Under the normal condition, the OUTPUT terminal of the control circuit 1 outputs a low level signal to the protective circuit. On the contrary, if the temperature of any battery rises to cause the corresponding thermal breaker RT1/RT2 broken due to the overcharging/over-discharging, then the OUTPUT terminal will output a high level signal to the protective circuit. For example, if the temperature of the battery near the first thermal breaker RT1 rises to 60 degrees centigrade on account of the overcharging or over-discharging, then the first thermal breaker RT1 will be broken that causes the high level signal output by the OUTPUT terminal of the control circuit 1. Then, the protective circuit interrupts the charging/discharging of the battery in the case where the high level signal is received by the protective circuit so as to protect the battery.
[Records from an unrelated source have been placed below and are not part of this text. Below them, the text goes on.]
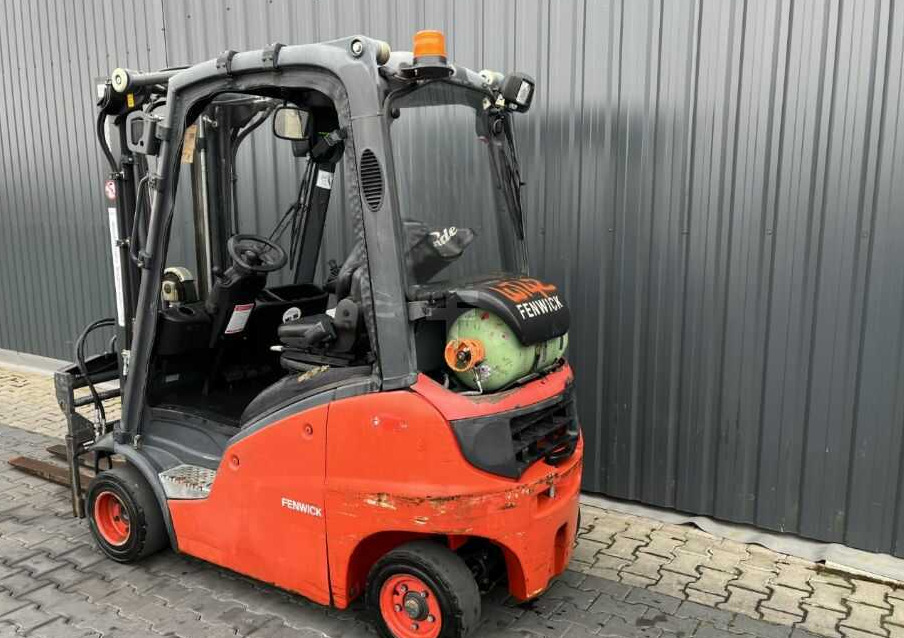 Linde H18T-01 - رافعة شوكية تعمل بالغاز: صور 3 Linde H18T-01 - رافعة شوكية تعمل بالغاز: صور 3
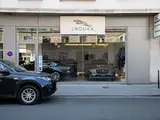 Photo de NEUBAUER JAGUAR LANDROVER Boulogne Billancourt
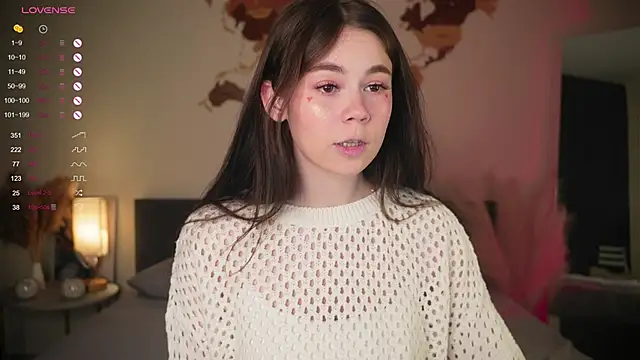 AuroraMari online show from 03/17/25, 11:32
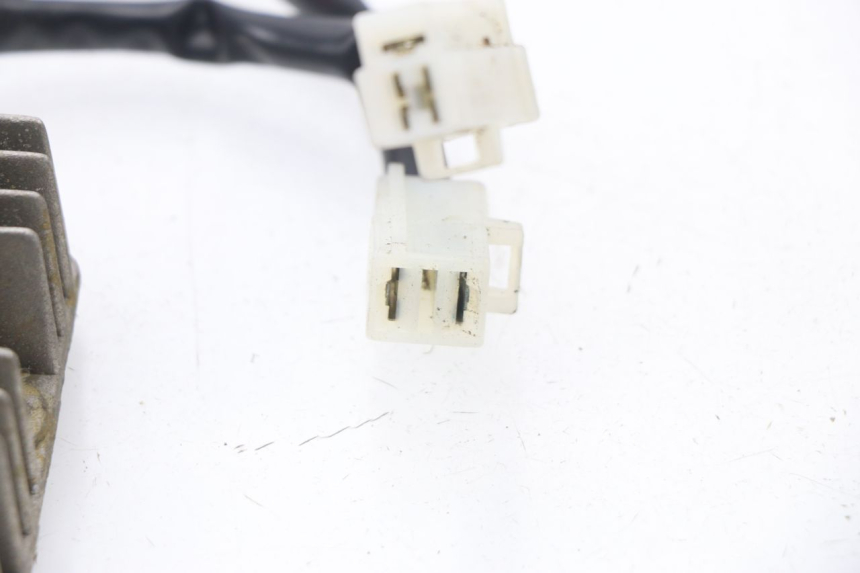 photo de REGLER LICHTMASCHINE KYMCO AGILITY CITY 16P 125 (2015 - 2021) - Gesamtansicht des Produkts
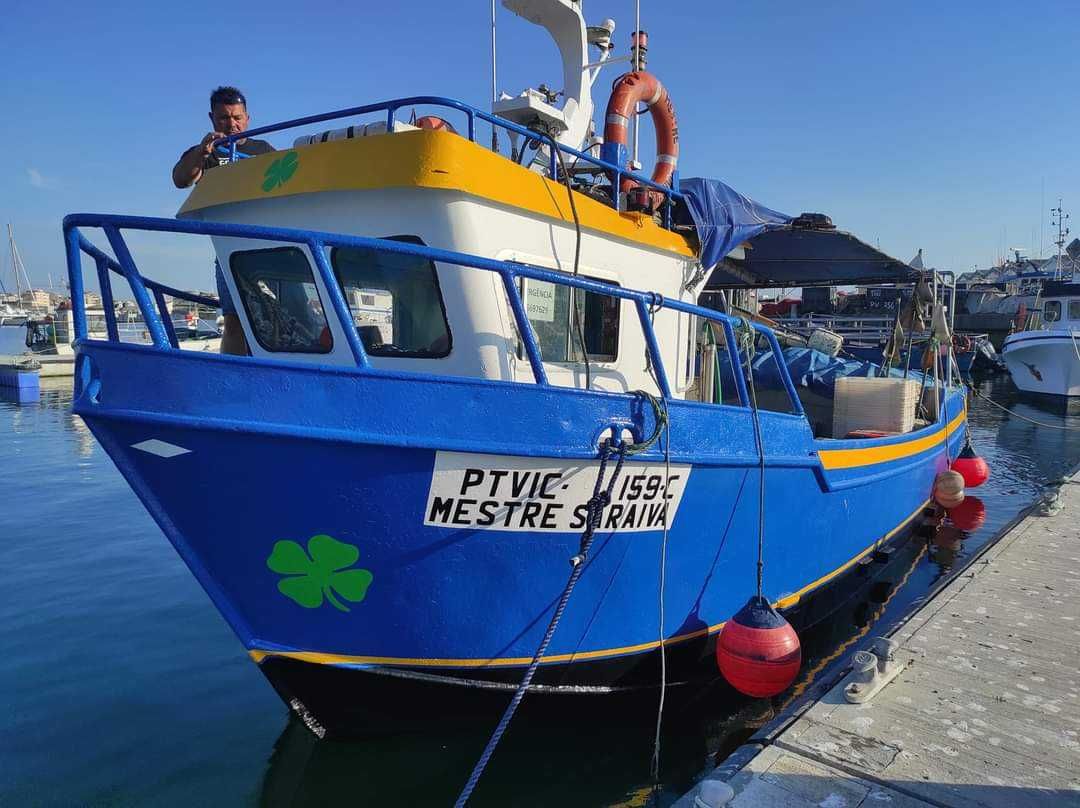 ‼️Barco de pesca local em alumínio como novo totalmente equipado.‼️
The working rule of the second thermal breaker RT2 is the same with the first thermal breaker RT1, so it is not gone into details any more here.

As described above, the control circuit 1 of the present invention protects the batteries by way of the thermal breakers RT1, RT2, instead of thermistors T1, T2 and comparators U1, U2 of the related art. Therefore, the control circuit 1 of the present invention is relatively simpler and occupies a relatively smaller space so that can meet the demand of both miniaturization and low cost of electronic products.

Claims

1. A control circuit adapted for transmitting protective signals to a protective circuit so as to make the protective circuit protect a battery based on the protective signals, the control circuit comprising:

a voltage-dividing resistor connected to a voltage input terminal;

at least one thermal breaker series-connected between the voltage-dividing resistor and the ground, and disposed near one corresponding battery, wherein the thermal breaker breaks according to the predetermined temperature of the corresponding battery; and

an output terminal drawn forth from a connection location of the thermal breaker and the voltage-dividing resistor, the output terminal being adapted to be connected with the protective circuit for transmitting different protective signals to the protective circuit according to the working state of the thermal breaker.